_Task directions_
What is needed is an exact reproduction of the lines in the records below, starting at the line with "Presentation with winter" and ending at the line with "Waterproof Digital Camera", both included, and nothing else; pictures stay out.

_Material for this task_
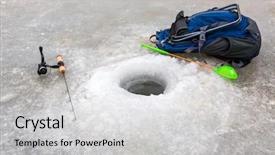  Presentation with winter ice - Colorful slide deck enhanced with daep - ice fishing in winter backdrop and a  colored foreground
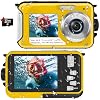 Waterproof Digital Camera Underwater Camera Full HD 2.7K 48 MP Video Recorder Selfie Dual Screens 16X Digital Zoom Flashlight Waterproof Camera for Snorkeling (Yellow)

* * *

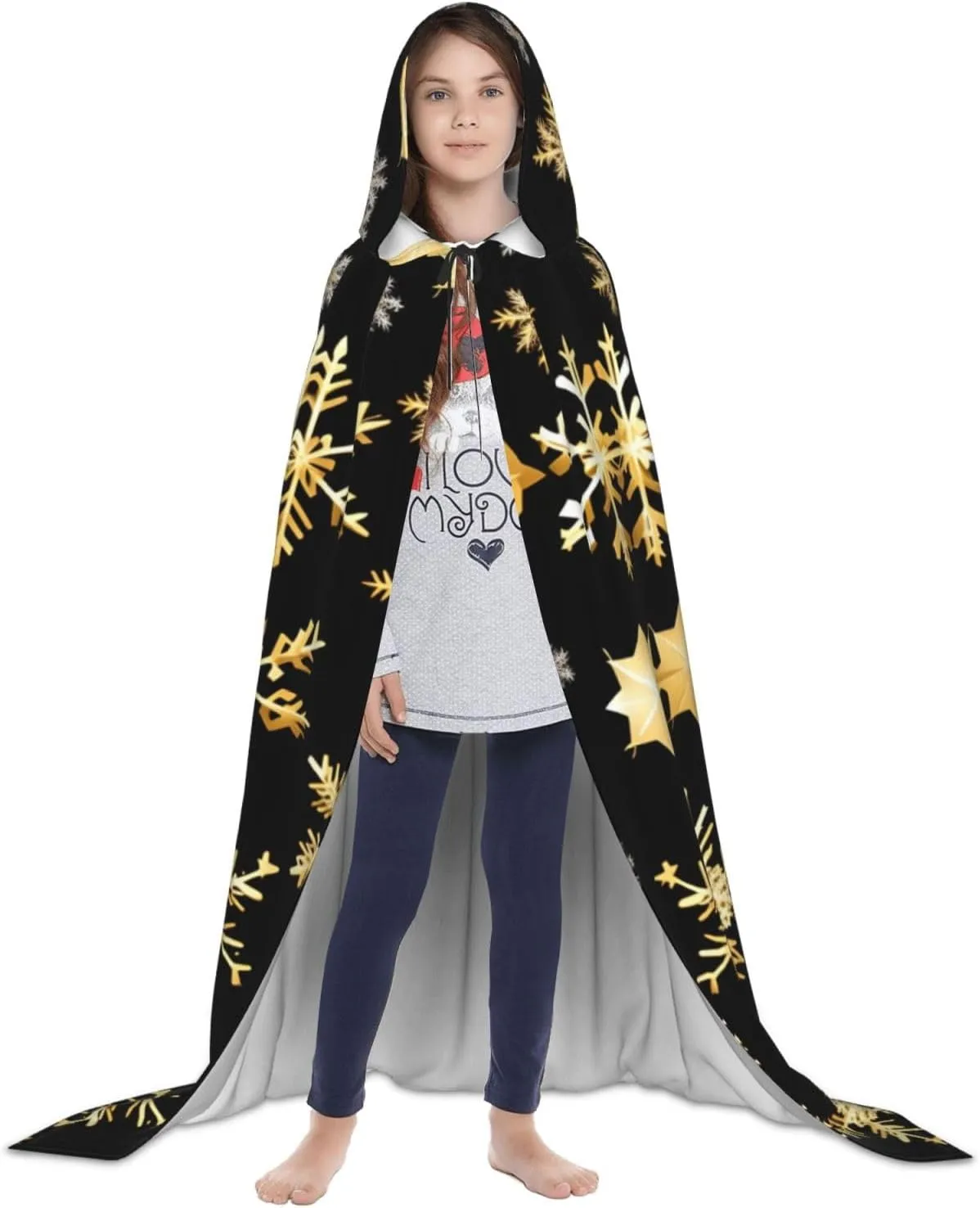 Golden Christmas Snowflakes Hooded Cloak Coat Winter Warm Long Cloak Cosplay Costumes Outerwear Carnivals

_Response_
  Presentation with winter ice - Colorful slide deck enhanced with daep - ice fishing in winter backdrop and a  colored foreground
 Waterproof Digital Camera Underwater Camera Full HD 2.7K 48 MP Video Recorder Selfie Dual Screens 16X Digital Zoom Flashlight Waterproof Camera for Snorkeling (Yellow)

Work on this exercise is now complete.